Un tiers des émissions de CO2

Pour ne rien arranger, les sols ainsi mis à nu pendant une grande partie de l'année sont fortement érodés par la pluie et le vent. Le fameux dust bowl des années 30 ruina de nombreux petits agriculteurs comme l'évoque le célèbre roman de Steinbeck, Les Raisins de la colère.


«La pratique du non-labour permet, tout en réduisant les dégagements de CO2, de reconstituer le stock de carbone des sols et donc de restaurer leur fertilité à long terme tout en maintenant un haut niveau de productivité agricole», poursuit Rattan Lal.
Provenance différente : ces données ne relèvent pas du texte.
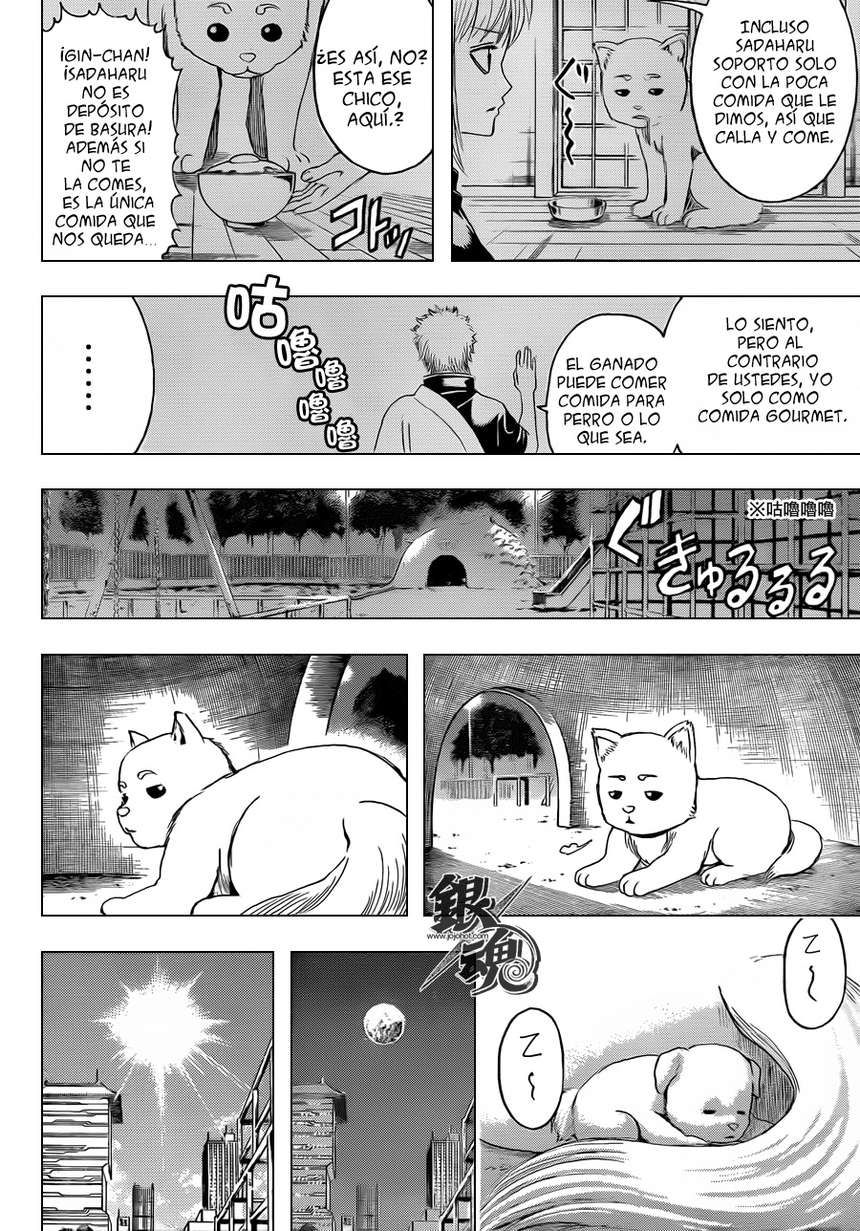 Read Gintama ES Manga Online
Au plan mondial, 1,2 milliard de tonnes de carbone pourrait être ainsi «séquestré» chaque année dans le sol. Ce qui représente plus du tiers du total des émissions annuelles de CO2 !


S'ajoutent à cela les économies de carburant – et donc de dégagement de gaz carbonique – réalisées du fait de la suppression du labour mais aussi des travaux nécessaires à la préparation du lit de semences (déchaumage, hersage...). Sans oublier le moindre investissement en achat de matériels agricoles (un semoir suffit !).

Côté main-d'oeuvre, les gains sont également fort appréciables. Propriétaire d'une exploitation de 400 hectares de maïs et de soja, dans les environs de Bloomington (Illinois), John Adams l'avoue sans ambages : «Je sème, je désherbe, je récolte.» Grâce aussi aux OGM, massivement utilisés aux Etats-Unis depuis dix ans (plus de besoin de traiter le maïs contre les insectes, désherbage limité à un ou deux passages au lieu de quatre sur le soja), sa charge de travail se limite grosso modo à 30 jours au printemps et 60 jours en automne.

Rappelant que «90% des sols érodés se trouvent aujourd'hui dans les pays en développement», Rattan Lal appelle la communauté internationale à les aider à adopter cette technique «win-win» (gagnant-gagnant) qui profite autant aux agriculteurs qu'à l'environnement et à la société en général. En outre, le protocole de Kyoto fait du carbone séquestré dans le sol une source de revenu monnayable auprès des pays industrialisés.